Bite counter (Clemson University)

Bite counter, in foreground (Clemson University)

Two Clemson University faculty members have developed a device worn on the wrist that can help people monitor the amounts of food they consume. Psychology professor Eric Muth and engineering professor Adam Hoover have also started a company to take their patent-pending device to market.

The Bite Counter, as Muth and Hoover call their device, is worn on the wrist like a watch and designed to make it easier for the wearers to monitor how much they eat. The device device tracks a pattern of wrist-roll motions to identify when the wearer has taken a bite of food, but without intervention by the wearer, using the same principle of a pedometer measuring the distance walked or run.

The advantage of the Bite Counter is that it is automated so that user bias is removed. The device can be used anywhere, such as at restaurants or while working, where people find it difficult to manually track and remember calories. It also offers a time-stamped log of meal data that can be downloaded for analysis.

“Studies have shown that people tend to underestimate what they eat by large margins, mostly because traditional methods rely upon self–observation and reporting,” says Muth. “Our preliminary data suggest that bite count can be used as a proxy for caloric count.”

Muth and Hoover’s data come from lab studies that show the device to be more than 90 percent accurate in counting bites, regardless of the user, food, utensil, or container. There are few existing data on how bite count relates to calorie count or how a bite-counting device could be used for weight loss. The device, however, will allow for such data to be more easily collected.

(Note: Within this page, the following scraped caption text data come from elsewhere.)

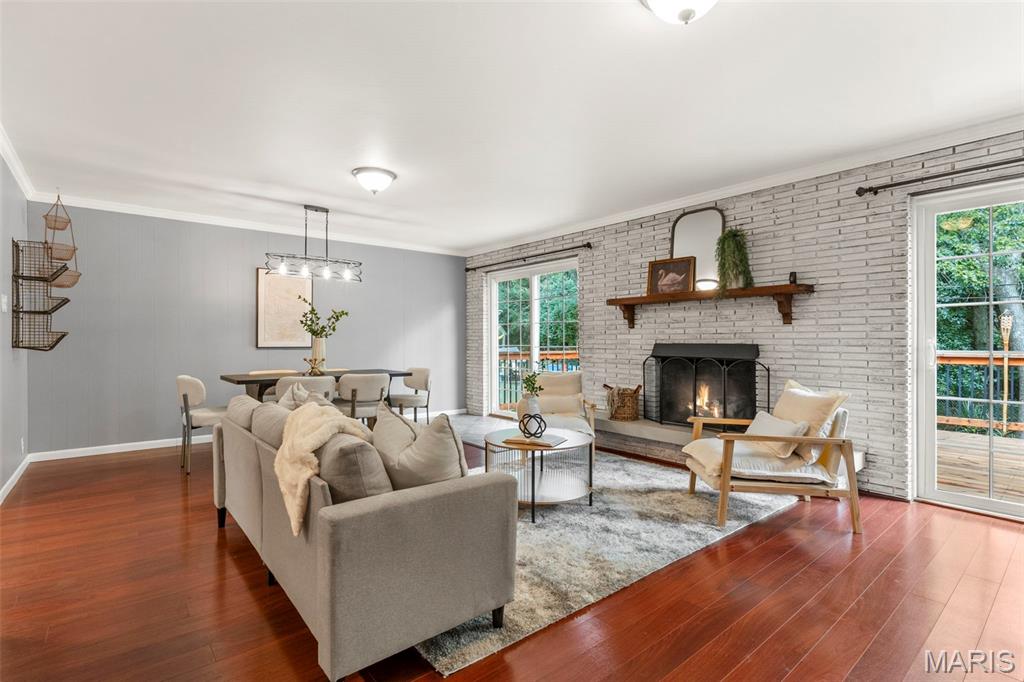 Archer Park - Residential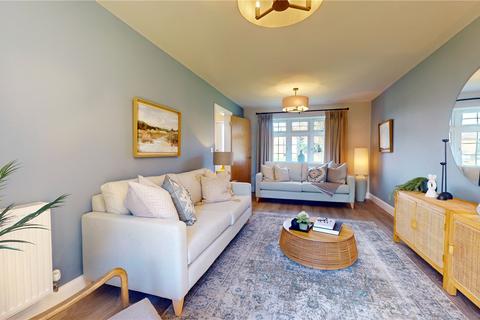 4 bedroom detached house for sale - Plot 55 Gascoigne Park, Angels Way, Milborne Port, Sherborne, Dorset, DT9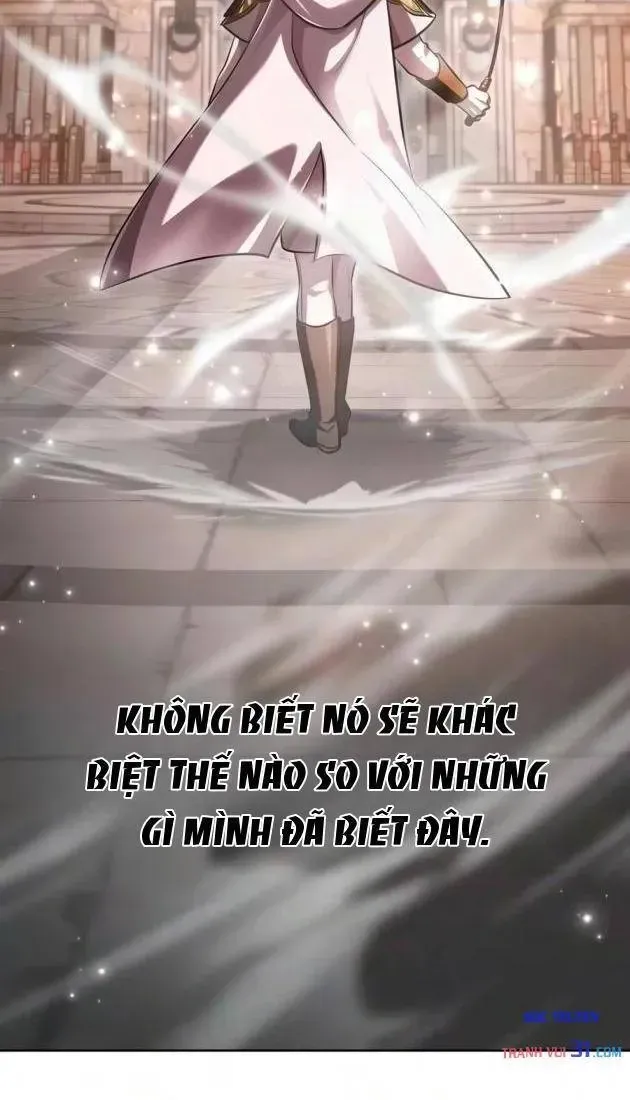 Đứa Con Có Vấn Đề Của Ma Pháp Chap 57 - Next Chap 58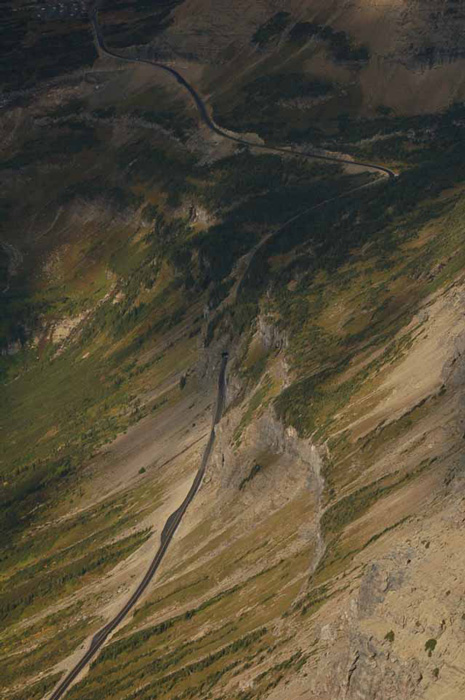 The Sun Road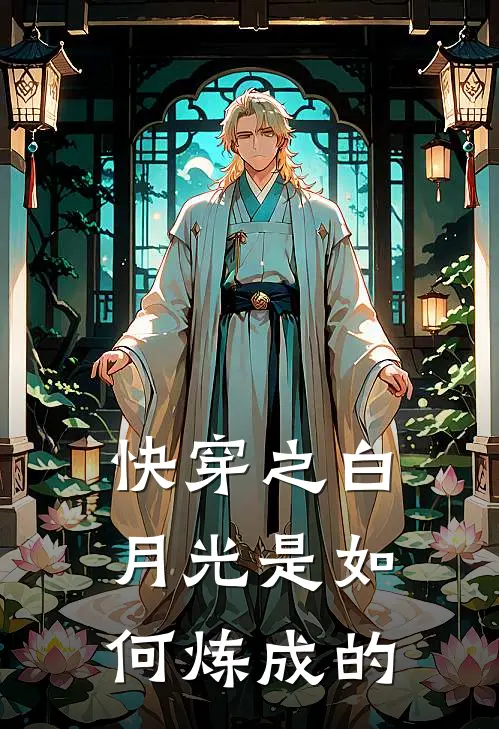 快穿之白月光是如何炼成的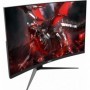 MONITOR 31.5" MSI G321CU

The Clemson inventors have taken the first steps to commercialize their technology. A patent is pending for the Bite Counter. They have also founded Bite Technologies, a start-up company that licensed the technology from the university.

With prototypes completed and manufacturing under way, the Muth and Hoover are testing devices are with 20 subjects for one month. The devices will store logs of bite-count activities, which will provide researchers baseline data for developing guidelines for new weight-loss studies.